Is there an analog of 'Directed Graph' for topological spaces? In a directed graph, certain paths are distinguished: Those that follow the edge direction on each edge. I was wondering if one could (or does) formulate a notion of a 'Directed Topological Space', on which certain paths are distinguished. Conceptually, we could take a space like R^2 \ 0 and say that counterclockwise paths are the 'directed paths'.
I had two ideas: First, if you have a smooth Riemannian manifold, then a smooth vector field X gives you a 'Direction': The directed paths being those whose tangent vector v satisfies g(v,X) > 0 everywhere.
Alternatively, with an arbitrary topological space, you could say that a 'Directed' space comes equipped with a sorting of homotopy classes of paths into 'Forward', 'Backward', and 'Trivial' (the last consisting of just trivial loops), where the compositions 'Forward'*'Forward' = 'Forward', 'Forward'*'Trivial' = 'Forward', etc. and the reverse of a 'Forward' path is always a 'Backward' path (note that you wouldn't have any results involving 'Foward'*'Backward' or 'Backward'*'Forward').

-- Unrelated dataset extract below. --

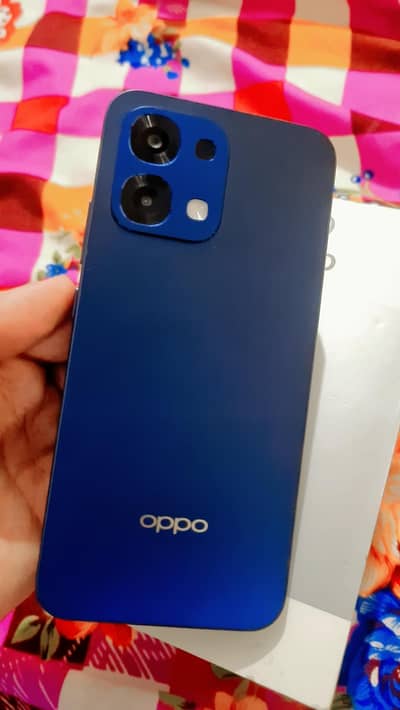 Oppo A6 Pro 8+8GB  256GB with complete box
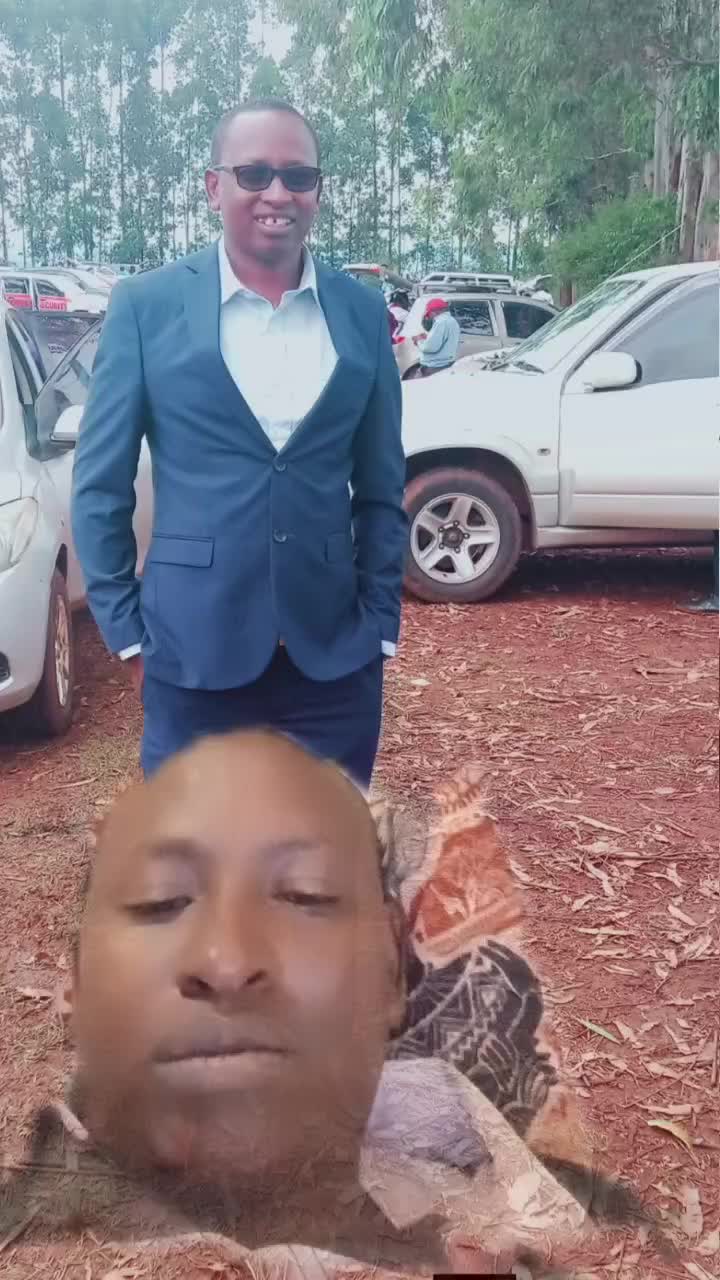@Martin Ndungu wa Kamande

So I suppose my question is: Is this idea studied at all? Has anyone determined this (or perhaps another generalization of 'Directed') to be a useful notion?
Thanks.
 A: Partially ordered sets are closely related to directed graphs, and partially ordered spaces have been studied in general topology quite a bit since there is a strong connection between ordered sets and topologies. I realize that this may not be exactly what you had in mind since you may have been concerned mainly with paths on such spaces, but I will answer this question since ordered topological spaces are very interesting and very natural. Besides, one may also consider paths on ordered topological spaces as order preserving continuous maps from $[0,1]$ to your space $X$. Furthermore, I suppose that you can probably generalize this notion to a "locally ordered topological space" or a "locally preordered topological space" so that you can consider $\mathbb{R}^{2}\setminus\{0\}$ with a notion of going clockwise and counterclockwise. I will briefly outline some basic ordered topological spaces here.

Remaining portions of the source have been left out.